2. What liability should you have if you fail to meet the firm commitment?
3. What actions or events should excuse you from purchases or reduce the quantities?.

The first issue I addressed in a Blog called Price - Getting Competitive price when locked in that’s dated September 2, 2011. That post talks about a number of tools that should be included in your agreement when you make firm commitments so the supplier either most perform or they run the risk of losing the commitment.

The amount of liability that you should have should be based upon they concept that the supplier should be made whole for the failure to meet the required commitment, but should not profit from the failure to meet the commitment. In this respect its similar to a termination without cause. The real difference between a normal termination for cause under an agreement with no commitments is because you made a firm purchase commitment to the Supplier the supplier may also have made firm purchase commitments to their subcontractors and suppliers. So instead of only being liable for unique inventory on had and on order that they can’t otherwise consume, you now are going to be looked upon to be liable for all those costs. To me the best approach is to negotiate what your maximum liability will be upfront so you establish the maximum amount you will be liable for if you fail to meet the commitment. That does two things. It creates a cap on you liability that you could potentially negotiate down from. More important, it will drive the suppliers behavior with their subcontractors and material suppliers so they don’t make commitments to them that they won’t be able to recover from you. Unless there was a major cost break on materials that was volume sensitive or the firm commitment drove the investment in equipment that would not be fully amortized by the volume you should be able to further manage you potential liability by doing things like require that the items not be built ahead, but there purchases should be based upon your forecasts and your orders,

Whenever I have agreed to make a firm commitment, I’ve also always included actions or events that count toward toward the commitment so that the size of the commitment is reduced when those actions or events occur. Those include:
For any force majeure events claimed by the Supplier I want the volumes that I would have procured from them during that period to count against the commitment. Most suppliers don’t like that, but most also have business interruption insurance that covers them against there casualty losses.
For any periods in which the supplier is selling under allocation where they cannot meet the volumes I ordered. I want all those unfulfilled amounts to count toward the commitment.
If they have delivery or quality problems where I had to make purchases from a distributor to make up for those problems, I want those to be counted towards the commitment.
For any other problems caused by the supplier that limits their ability to meet my needs, when I need them, I want all those volumes counted.
The reason why I want all those volumes committed is I made the firm commitment to purchase them for a specific time frame based upon the needs that my company had during that time frame. I don’t want to be forced to buy product after I no longer want or need it. If they couldn’t meet their commitments I also don’t want to negatively impact a supplier that stepped up to help me when they couldn’t deliver.

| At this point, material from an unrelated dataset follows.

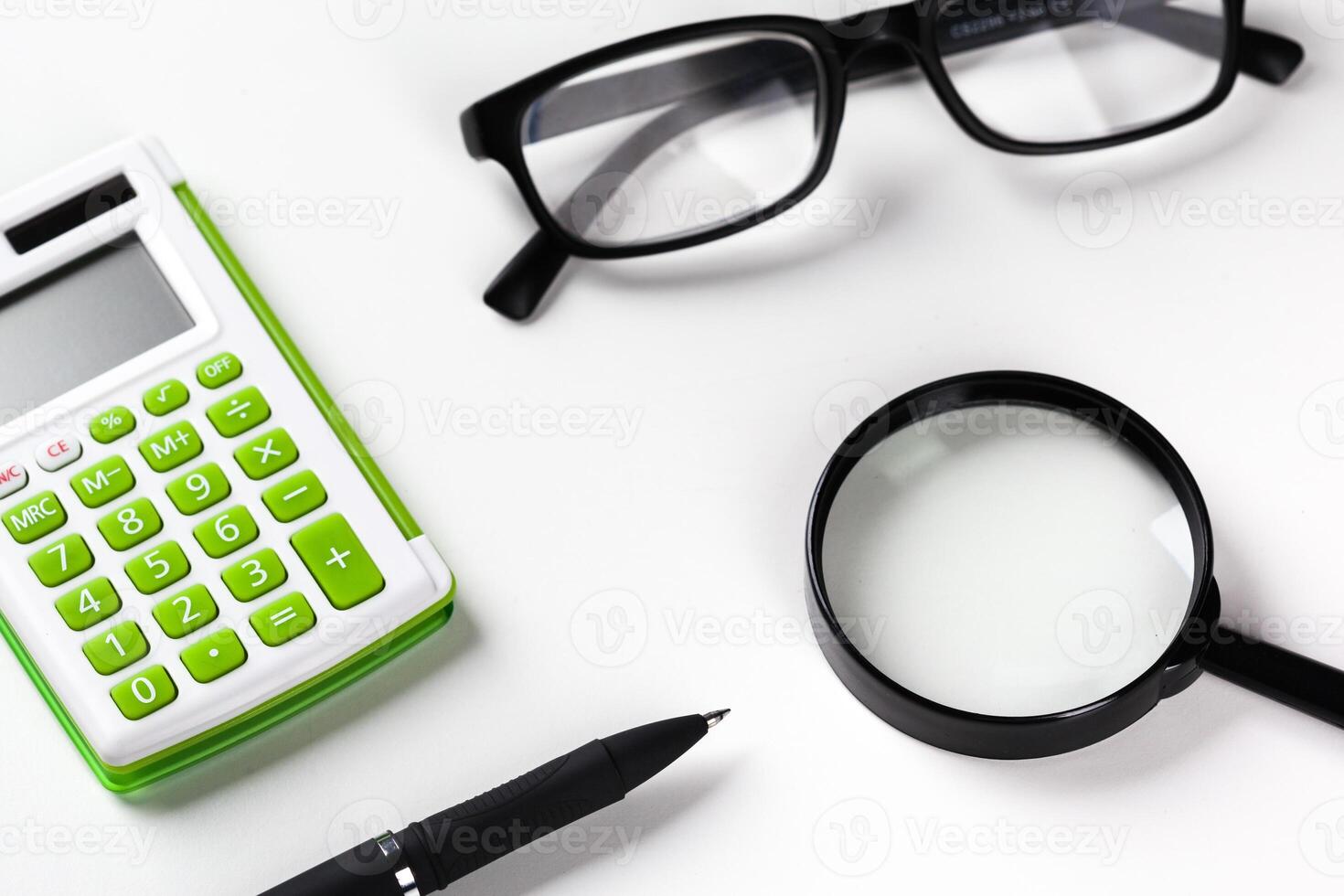 Calculator with a magnifying glass on a white background photo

Let me give you a simple example. The supplier has a force majeure situation (a fire in their plant). It takes them nine months to recover to where they could produce product. The full production cycle for the supplier is 16 weeks or four months. This means that they have an excusable delay for thirteen months.

When they had the force majeure I still needed the product. I qualified another supplier, I investment in additional equipment and tooling. That supplier met my needs. Now that they have recovered if I didn’t have those volumes in the interim counting as meeting the commitment, I would still have to purchase those 13 months of volumes from them. I may not need 13 months of volumes any more. Even if I did need them volumes, if I wasn’t excused from the commitment, I would need to take that into account in the volumes I give to the supplier that came in to help me. In a worst case I would need to cliff the second supplier (reduce their volumes to zero) and lose unliquidated portions of the investments I made to bring them on. If you do that Suppliers will learn about it and the supplier you cliffed and other suppliers will be reluctant to help you in the future. If the commitment amount was reduced and you needed the product you could probably split the supply.